Enhancing Certified Robustness via Smoothed Weighted Ensembling
This work addresses a key bottleneck in adversarial robustness for machine learning systems, offering an incremental improvement over existing randomized smoothing methods.
The paper tackles the problem of finding optimal base classifiers for randomized smoothing to enhance certified robustness against adversarial attacks, showing that their Smoothed Weighted Ensembling (SWEEN) scheme outperforms candidate models by a large margin and achieves comparable performance to large models with reduced training time.
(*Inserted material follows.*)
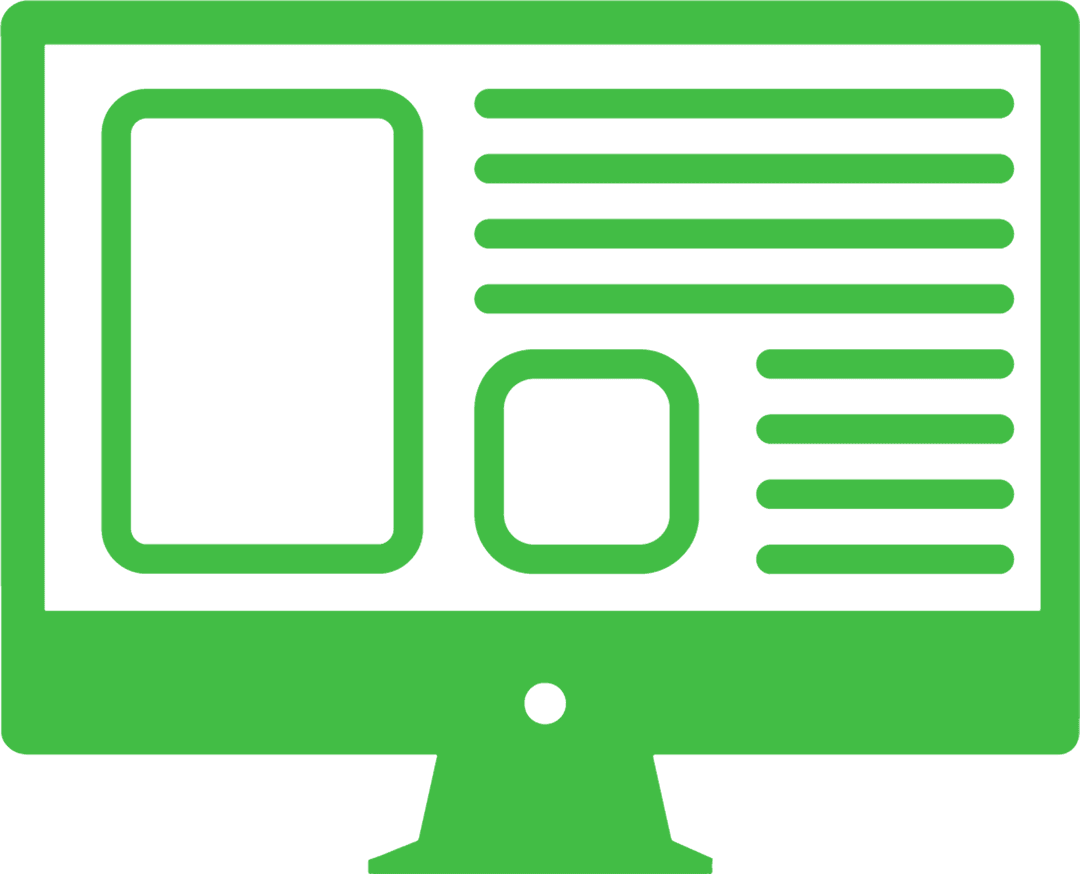 Green Computer Monitor Vector on Transparent Background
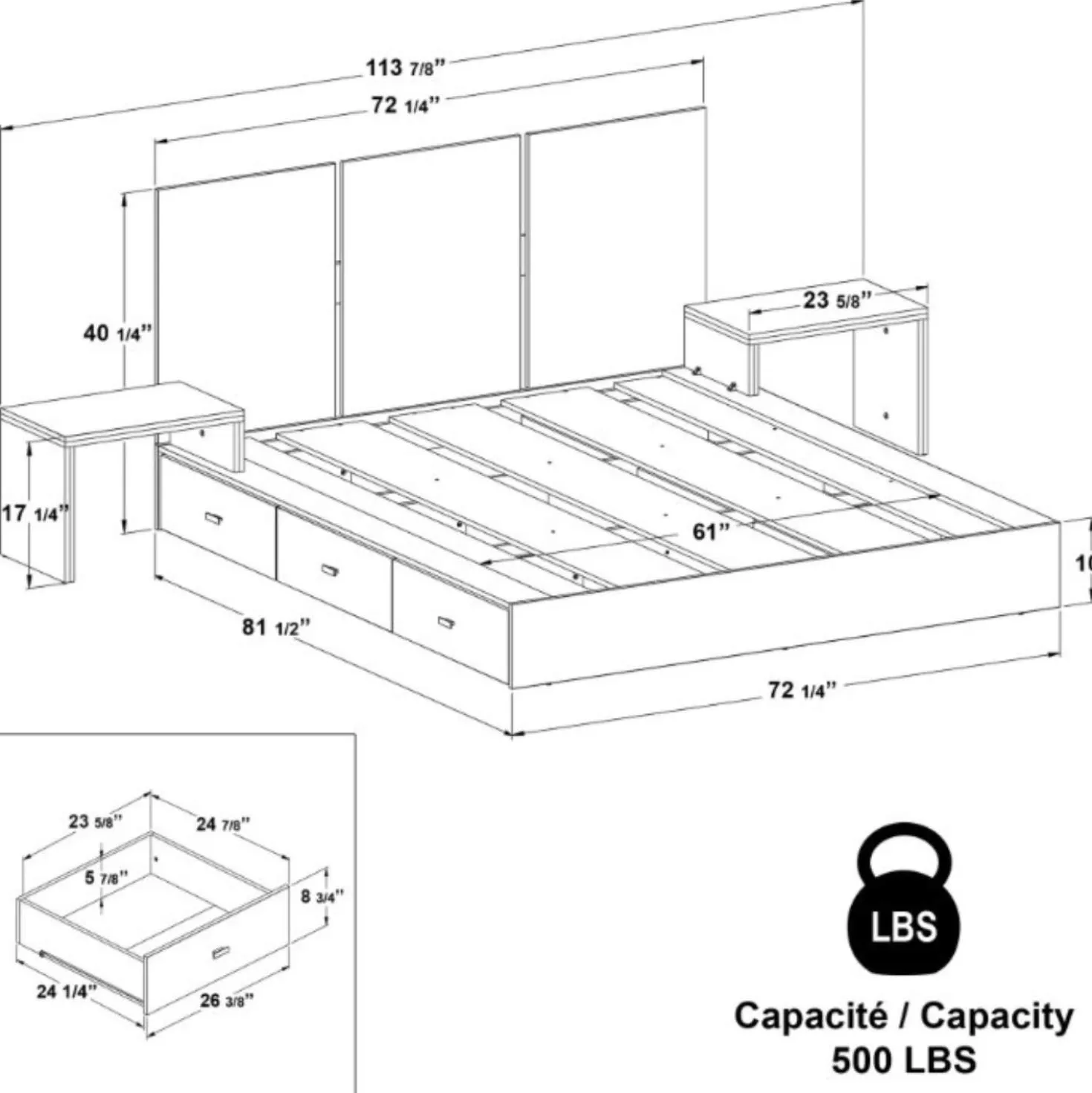 Ensemble grand lit avec rangement 6 tiroirs (60") - 4 mcx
Randomized smoothing has achieved state-of-the-art certified robustness against $l_2$-norm adversarial attacks. However, it is not wholly resolved on how to find the optimal base classifier for randomized smoothing. In this work, we employ a Smoothed WEighted ENsembling (SWEEN) scheme to improve the performance of randomized smoothed classifiers. We show the ensembling generality that SWEEN can help achieve optimal certified robustness. Furthermore, theoretical analysis proves that the optimal SWEEN model can be obtained from training under mild assumptions. We also develop an adaptive prediction algorithm to reduce the prediction and certification cost of SWEEN models. Extensive experiments show that SWEEN models outperform the upper envelope of their corresponding candidate models by a large margin. Moreover, SWEEN models constructed using a few small models can achieve comparable performance to a single large model with a notable reduction in training time.